Thursday, March 25, 2010

A friend

I'm not an emotional person. I don't wear my heart on my sleeve, but more likely buried under 14 layers of stuff. I don't cry often, and if I do, it's really bad. I generally chose to let things build up until I'd can't hide them anymore. It's not healthy nor ideal, but it's me. As a result, I have a hard time explaining my emotions and knowing how to react in emotional situations. The last time I can remember full out breaking down was exactly one year ago today.

A woman, whom I'd never met nor had an actual phone conversation with, lost her incredibly valiant fight with leukemia. Her name was Amanda, aka Alabama Pink. I'd read her blog for a very long time, shared emails and FB conversations with her. I felt like she was a friend, even if only in that odd way of the internet connection. I cared a great deal about her and I still do. She was funny, smart, with a wicked sharp wit, and a humor and grace about the worst parts of life that I can only hope to have should I find myself in a similar situation. She loved her husband and her son fiercely, and spoke about them so beautifully. Put simply, she was a beautiful person, inside and out.

When it was first made public knowledge that she was sick, I hoped like hell that it was minor and fixable. However, as the fog cleared and the picture became clearer, I was scared for her. She was what we in the south call " good people". Bad things shouldn't happen to good people. Every day, I'd look for a new blog from her or her husband, anxious for some news. I didn't know how to go about contacting them and I honestly didn't want to be the crazy lady poking around in someone else's business. When they posted about the genetics of her illness, I became even more scared (possibly because I'm an uber-geek and researched it). Out of all the cancers in my family, leukemia was a new one. I didn't know how to fight it. However, about 2 months after Manda's diagnosis, my father-in-law, a man I love quite a lot, was also diagnosed with leukemia, but a different type. I got a crash course in leukemia at that point.
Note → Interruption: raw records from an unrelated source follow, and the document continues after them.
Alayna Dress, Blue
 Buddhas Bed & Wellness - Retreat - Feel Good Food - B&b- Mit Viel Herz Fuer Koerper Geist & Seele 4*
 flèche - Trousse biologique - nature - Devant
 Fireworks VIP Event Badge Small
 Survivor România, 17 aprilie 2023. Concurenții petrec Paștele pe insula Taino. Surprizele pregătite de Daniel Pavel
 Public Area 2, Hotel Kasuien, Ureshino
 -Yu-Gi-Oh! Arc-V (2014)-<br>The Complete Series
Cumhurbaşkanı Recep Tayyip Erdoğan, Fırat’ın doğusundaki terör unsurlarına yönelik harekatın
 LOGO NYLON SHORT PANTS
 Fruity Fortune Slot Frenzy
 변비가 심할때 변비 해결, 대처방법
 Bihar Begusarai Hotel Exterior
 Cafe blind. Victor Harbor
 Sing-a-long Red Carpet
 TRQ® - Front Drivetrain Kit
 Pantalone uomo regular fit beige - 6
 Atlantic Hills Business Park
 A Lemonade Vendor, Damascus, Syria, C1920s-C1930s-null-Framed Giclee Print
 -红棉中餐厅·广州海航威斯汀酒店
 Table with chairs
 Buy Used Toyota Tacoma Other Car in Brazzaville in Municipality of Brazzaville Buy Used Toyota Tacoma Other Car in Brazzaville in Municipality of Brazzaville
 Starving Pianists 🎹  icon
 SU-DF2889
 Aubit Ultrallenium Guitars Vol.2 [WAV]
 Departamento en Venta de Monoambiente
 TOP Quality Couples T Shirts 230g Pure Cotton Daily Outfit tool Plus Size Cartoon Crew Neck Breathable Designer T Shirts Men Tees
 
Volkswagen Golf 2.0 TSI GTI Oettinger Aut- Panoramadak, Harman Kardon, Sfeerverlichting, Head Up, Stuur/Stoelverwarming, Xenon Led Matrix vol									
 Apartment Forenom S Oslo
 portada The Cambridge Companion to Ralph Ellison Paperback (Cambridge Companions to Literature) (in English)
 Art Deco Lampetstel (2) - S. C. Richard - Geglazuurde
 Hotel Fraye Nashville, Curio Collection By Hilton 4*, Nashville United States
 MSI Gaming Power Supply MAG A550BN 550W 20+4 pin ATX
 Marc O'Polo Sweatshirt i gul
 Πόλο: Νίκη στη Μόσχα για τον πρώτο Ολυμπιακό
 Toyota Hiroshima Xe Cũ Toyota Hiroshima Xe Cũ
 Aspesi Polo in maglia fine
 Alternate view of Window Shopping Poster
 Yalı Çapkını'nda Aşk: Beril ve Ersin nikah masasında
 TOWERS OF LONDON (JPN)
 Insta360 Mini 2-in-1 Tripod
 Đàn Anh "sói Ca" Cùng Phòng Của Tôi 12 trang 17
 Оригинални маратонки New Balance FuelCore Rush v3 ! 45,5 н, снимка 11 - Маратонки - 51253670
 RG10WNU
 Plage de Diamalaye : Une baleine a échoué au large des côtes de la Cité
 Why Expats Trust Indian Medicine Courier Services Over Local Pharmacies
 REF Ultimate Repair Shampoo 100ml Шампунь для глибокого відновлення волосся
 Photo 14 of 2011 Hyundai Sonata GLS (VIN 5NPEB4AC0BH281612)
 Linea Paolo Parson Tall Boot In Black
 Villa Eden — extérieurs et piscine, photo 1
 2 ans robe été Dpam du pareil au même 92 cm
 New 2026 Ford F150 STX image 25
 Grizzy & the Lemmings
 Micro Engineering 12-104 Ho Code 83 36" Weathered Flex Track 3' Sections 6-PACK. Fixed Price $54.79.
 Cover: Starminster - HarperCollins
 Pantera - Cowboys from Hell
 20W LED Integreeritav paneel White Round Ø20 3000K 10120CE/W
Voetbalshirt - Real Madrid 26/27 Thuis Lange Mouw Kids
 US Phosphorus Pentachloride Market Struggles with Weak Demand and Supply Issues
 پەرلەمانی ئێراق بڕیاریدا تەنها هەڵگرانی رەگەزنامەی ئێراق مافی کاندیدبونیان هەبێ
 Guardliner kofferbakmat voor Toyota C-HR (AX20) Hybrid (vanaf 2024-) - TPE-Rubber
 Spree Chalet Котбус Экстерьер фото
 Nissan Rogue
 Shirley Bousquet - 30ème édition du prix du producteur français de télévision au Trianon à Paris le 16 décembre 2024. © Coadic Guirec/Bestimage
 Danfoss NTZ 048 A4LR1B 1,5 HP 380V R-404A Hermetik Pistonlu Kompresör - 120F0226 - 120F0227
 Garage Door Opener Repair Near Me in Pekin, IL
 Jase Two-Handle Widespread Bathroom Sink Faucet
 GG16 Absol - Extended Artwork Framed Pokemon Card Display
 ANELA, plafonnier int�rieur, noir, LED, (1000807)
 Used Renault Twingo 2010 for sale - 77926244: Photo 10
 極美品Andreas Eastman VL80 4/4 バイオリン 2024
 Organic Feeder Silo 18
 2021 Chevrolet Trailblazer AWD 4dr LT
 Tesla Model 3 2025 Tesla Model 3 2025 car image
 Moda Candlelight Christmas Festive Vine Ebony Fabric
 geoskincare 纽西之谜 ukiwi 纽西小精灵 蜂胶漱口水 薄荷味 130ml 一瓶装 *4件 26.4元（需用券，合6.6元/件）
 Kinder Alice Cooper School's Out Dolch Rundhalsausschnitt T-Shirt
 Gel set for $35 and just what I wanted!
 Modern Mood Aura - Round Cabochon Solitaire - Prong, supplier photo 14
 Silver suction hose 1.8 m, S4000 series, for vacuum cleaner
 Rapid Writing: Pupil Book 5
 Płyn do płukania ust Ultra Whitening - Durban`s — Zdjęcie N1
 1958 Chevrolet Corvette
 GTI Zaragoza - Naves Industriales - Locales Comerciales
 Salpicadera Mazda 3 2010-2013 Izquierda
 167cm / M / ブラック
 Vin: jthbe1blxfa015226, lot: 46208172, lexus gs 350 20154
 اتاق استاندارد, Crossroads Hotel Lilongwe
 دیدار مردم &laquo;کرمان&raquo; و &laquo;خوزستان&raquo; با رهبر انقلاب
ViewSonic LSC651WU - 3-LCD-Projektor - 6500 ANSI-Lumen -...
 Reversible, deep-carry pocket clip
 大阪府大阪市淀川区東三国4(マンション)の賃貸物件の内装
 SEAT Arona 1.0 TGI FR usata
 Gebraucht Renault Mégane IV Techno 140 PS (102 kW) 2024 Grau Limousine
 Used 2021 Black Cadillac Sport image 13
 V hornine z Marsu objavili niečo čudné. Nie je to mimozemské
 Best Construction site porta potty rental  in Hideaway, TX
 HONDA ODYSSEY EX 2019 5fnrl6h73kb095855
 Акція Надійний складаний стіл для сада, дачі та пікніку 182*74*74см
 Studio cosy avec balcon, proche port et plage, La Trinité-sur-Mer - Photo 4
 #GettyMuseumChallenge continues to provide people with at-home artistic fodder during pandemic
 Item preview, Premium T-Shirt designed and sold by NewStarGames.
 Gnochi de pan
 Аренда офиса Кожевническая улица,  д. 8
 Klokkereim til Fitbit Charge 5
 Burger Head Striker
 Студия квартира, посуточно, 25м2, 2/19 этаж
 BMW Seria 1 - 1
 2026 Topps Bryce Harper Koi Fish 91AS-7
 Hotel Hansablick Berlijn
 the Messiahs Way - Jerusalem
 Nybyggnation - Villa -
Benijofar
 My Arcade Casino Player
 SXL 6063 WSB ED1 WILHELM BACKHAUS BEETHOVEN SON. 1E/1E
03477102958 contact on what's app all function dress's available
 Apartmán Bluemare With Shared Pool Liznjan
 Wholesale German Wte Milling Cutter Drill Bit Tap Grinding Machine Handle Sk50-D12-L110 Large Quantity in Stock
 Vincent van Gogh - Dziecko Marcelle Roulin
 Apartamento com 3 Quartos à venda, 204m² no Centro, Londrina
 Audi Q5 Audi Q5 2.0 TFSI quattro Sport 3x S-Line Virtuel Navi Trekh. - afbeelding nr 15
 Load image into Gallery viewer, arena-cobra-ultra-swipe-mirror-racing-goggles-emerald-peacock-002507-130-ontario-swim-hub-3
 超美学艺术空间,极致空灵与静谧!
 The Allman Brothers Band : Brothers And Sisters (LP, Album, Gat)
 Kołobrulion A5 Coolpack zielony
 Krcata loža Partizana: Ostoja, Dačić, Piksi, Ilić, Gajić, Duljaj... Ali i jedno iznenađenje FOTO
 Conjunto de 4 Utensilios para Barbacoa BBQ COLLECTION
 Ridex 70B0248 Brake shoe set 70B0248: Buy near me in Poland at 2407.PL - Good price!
That year became a blur of leukemia updates, hospitals, and hope for Manda and my father-in-law. His CLL is currently in remission.

I followed Manda's journey of hospitals, clinical trials, and the search for treatment. Every time things went bad, I'd try to remain hopeful. After the Johns Hopkins mean doctor, I sent her an email with a funny photo, in what had to be a sad attempt to cheer her up. I didn't know what else to do and I felt like that may be the only thing I could do. She sent me back a lovely reply. Then, she went to Houston and I hoped things would turn out for the best. Her very last blog post about Barbara Bush being right down the road still makes me laugh. I have this idea of what she sounded like and what her laugh was like and hear that sound when I read it. It makes me smile. All of us know what followed. That morning, I got to work and logged onto FB and saw the Pajiba link. Audibly, I said "No". I went Pajiba, her blog, and finally her husbands. I broke down at my desk for a long time. I couldn't stop crying. I felt like a fool crying for someone I'd never met. I didn't know how to explain it. She was one of the nicest people I've ever had the privileged of knowing, even if only in limited capacity. I still think about her often. I'd love to know how she would have felt about the Alice In Wonderland movie. Miss you Manda.

1 comment:

Girl With Curious Hair said...

I was that crazy lady, poking around in her life. She was always gracious, always lovely and always strong. We were all a little richer having known her. I am so grateful, I still don't have the words.